PROBLEM DESCRIPTION:
The answer must consist only of the lines from the line with "Rear three-quarter detail" to the line with "a kitchen with stainless", both included, exactly as they stand below.

########################################

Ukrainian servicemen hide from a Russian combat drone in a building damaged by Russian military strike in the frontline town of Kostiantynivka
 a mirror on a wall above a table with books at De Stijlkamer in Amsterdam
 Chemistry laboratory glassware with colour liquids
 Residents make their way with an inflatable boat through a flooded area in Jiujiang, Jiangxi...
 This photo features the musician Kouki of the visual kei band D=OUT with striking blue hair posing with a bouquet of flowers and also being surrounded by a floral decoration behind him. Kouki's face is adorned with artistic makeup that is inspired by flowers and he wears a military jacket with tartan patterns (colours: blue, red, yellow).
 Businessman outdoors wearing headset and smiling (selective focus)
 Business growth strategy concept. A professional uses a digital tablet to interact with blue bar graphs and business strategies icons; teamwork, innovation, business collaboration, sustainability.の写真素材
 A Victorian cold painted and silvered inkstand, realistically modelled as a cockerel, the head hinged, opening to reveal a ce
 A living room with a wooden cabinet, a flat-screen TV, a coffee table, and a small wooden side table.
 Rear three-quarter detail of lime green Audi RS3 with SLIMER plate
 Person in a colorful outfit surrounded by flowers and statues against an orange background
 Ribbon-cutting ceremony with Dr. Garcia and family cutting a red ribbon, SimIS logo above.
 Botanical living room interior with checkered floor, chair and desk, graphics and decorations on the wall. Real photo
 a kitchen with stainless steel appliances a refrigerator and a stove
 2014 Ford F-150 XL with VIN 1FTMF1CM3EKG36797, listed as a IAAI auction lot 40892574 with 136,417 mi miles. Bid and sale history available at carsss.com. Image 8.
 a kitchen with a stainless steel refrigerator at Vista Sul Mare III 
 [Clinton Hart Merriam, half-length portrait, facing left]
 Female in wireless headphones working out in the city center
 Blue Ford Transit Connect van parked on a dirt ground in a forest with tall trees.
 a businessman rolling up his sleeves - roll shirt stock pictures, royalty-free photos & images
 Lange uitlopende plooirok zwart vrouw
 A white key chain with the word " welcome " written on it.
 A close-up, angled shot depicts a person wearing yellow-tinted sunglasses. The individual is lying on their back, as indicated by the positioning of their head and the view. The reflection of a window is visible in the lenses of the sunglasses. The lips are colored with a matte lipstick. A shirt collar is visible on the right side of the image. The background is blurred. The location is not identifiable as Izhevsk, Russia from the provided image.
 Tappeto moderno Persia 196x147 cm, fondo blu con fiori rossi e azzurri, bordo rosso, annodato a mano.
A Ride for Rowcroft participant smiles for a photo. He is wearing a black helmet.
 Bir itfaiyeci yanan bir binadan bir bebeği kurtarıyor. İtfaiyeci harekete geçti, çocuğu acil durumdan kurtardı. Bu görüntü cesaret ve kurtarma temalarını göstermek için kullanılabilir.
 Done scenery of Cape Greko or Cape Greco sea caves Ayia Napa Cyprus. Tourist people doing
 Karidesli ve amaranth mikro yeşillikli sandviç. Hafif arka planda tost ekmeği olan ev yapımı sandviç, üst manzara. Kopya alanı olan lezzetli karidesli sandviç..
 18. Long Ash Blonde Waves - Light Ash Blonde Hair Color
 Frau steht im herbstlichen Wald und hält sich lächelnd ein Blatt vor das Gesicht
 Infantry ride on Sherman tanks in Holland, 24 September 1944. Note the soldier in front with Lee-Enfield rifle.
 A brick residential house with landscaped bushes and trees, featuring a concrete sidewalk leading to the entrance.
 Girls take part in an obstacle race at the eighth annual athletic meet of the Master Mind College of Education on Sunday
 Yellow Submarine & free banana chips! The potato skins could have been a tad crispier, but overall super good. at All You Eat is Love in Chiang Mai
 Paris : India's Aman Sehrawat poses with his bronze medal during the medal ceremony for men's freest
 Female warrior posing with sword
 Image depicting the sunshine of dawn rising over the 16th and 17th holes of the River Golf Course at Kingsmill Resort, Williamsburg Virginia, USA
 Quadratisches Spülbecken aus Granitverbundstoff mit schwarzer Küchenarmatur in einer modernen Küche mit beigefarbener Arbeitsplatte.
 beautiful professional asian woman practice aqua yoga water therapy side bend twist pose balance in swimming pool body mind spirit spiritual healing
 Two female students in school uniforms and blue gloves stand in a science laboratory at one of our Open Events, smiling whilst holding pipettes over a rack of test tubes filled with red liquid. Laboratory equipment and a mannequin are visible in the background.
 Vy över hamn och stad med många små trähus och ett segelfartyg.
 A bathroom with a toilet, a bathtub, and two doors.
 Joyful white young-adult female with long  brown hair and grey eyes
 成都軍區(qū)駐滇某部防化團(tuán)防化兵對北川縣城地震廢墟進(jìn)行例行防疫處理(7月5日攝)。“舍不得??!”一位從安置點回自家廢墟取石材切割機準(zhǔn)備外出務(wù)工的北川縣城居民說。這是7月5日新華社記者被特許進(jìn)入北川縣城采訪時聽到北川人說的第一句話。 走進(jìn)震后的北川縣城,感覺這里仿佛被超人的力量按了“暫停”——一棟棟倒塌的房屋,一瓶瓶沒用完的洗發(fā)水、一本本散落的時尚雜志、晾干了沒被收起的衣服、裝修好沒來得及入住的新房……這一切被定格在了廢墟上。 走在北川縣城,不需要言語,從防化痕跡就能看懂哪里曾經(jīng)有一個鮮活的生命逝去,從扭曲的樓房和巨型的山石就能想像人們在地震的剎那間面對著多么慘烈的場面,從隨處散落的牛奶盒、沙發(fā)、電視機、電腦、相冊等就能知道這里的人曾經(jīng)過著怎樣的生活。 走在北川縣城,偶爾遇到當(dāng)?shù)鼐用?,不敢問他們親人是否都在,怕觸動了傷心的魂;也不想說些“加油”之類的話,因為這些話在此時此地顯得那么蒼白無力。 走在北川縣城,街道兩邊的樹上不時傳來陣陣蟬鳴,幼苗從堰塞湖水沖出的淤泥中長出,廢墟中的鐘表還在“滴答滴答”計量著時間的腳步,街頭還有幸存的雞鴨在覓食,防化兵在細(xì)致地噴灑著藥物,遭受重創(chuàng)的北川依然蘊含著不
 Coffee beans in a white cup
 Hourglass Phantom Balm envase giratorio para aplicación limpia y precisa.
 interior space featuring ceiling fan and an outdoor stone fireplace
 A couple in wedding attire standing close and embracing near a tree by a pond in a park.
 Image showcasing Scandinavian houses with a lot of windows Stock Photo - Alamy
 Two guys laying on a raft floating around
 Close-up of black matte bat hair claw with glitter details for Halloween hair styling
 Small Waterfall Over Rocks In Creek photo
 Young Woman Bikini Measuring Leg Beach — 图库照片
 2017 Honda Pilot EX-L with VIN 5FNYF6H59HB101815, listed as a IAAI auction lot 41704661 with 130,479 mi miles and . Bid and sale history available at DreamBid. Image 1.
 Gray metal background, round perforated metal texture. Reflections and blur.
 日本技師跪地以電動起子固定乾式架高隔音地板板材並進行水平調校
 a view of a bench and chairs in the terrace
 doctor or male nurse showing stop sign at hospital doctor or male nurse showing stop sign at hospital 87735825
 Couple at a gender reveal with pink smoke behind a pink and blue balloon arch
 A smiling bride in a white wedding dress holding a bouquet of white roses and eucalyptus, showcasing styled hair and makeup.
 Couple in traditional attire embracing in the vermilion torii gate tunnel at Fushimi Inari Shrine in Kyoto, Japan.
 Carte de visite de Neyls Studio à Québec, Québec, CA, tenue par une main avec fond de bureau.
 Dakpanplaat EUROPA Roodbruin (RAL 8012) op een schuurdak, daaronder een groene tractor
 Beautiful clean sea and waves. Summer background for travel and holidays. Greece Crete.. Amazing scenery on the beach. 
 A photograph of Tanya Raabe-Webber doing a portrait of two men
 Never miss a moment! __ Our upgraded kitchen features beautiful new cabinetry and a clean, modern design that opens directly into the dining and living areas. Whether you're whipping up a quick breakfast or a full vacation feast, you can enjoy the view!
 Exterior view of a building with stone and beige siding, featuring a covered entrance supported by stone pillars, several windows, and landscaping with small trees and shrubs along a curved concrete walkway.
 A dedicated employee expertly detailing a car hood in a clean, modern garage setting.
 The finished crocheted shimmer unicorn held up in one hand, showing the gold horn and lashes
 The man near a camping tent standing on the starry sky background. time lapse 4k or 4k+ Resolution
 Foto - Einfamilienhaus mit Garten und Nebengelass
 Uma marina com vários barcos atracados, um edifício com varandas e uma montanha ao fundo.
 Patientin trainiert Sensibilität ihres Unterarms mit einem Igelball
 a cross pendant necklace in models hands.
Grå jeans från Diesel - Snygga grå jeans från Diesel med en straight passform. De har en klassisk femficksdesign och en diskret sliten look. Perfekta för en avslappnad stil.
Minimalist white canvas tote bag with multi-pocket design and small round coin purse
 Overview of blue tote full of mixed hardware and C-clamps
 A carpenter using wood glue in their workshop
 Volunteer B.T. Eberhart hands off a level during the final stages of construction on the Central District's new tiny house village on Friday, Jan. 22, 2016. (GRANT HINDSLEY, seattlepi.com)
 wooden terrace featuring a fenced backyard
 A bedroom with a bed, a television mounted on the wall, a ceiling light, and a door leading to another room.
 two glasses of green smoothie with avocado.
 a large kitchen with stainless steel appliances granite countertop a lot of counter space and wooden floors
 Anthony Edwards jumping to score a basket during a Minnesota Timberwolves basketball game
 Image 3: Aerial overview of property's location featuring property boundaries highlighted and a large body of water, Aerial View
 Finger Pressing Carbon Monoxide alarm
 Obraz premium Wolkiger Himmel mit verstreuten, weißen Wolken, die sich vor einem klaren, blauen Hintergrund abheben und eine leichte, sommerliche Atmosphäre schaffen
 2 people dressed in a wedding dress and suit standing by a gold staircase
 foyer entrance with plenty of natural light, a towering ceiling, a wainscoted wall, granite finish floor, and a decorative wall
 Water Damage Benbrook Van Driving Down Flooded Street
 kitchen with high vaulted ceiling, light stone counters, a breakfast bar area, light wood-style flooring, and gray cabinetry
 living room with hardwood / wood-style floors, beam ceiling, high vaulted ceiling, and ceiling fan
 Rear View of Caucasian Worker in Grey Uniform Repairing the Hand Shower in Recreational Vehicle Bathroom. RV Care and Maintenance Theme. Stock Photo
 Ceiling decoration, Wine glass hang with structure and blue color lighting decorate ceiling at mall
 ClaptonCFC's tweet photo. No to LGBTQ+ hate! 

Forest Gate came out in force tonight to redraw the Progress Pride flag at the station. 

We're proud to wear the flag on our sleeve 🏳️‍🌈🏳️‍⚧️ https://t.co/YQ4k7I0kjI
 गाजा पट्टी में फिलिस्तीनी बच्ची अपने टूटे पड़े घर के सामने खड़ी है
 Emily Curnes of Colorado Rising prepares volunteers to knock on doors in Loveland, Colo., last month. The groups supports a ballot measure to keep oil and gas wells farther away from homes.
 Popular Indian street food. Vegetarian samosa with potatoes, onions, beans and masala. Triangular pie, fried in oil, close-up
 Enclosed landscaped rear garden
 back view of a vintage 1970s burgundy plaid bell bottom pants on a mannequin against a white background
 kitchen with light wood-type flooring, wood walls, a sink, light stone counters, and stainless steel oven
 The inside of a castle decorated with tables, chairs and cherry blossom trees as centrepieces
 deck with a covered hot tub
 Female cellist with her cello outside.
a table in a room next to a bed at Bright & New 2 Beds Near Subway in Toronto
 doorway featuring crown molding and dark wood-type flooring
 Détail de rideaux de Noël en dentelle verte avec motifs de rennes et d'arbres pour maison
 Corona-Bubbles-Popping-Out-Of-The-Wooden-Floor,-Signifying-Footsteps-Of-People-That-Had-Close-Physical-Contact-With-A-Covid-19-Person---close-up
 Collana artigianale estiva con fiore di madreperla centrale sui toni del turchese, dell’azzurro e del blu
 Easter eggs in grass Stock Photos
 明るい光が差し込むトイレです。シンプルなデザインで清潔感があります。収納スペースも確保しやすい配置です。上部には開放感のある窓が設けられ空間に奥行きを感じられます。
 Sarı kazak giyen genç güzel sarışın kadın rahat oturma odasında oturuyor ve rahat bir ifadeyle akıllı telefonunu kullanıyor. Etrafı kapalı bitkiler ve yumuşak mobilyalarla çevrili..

########################################

RESPONSE BELOW:
 Rear three-quarter detail of lime green Audi RS3 with SLIMER plate
 Person in a colorful outfit surrounded by flowers and statues against an orange background
 Ribbon-cutting ceremony with Dr. Garcia and family cutting a red ribbon, SimIS logo above.
 Botanical living room interior with checkered floor, chair and desk, graphics and decorations on the wall. Real photo
 a kitchen with stainless steel appliances a refrigerator and a stove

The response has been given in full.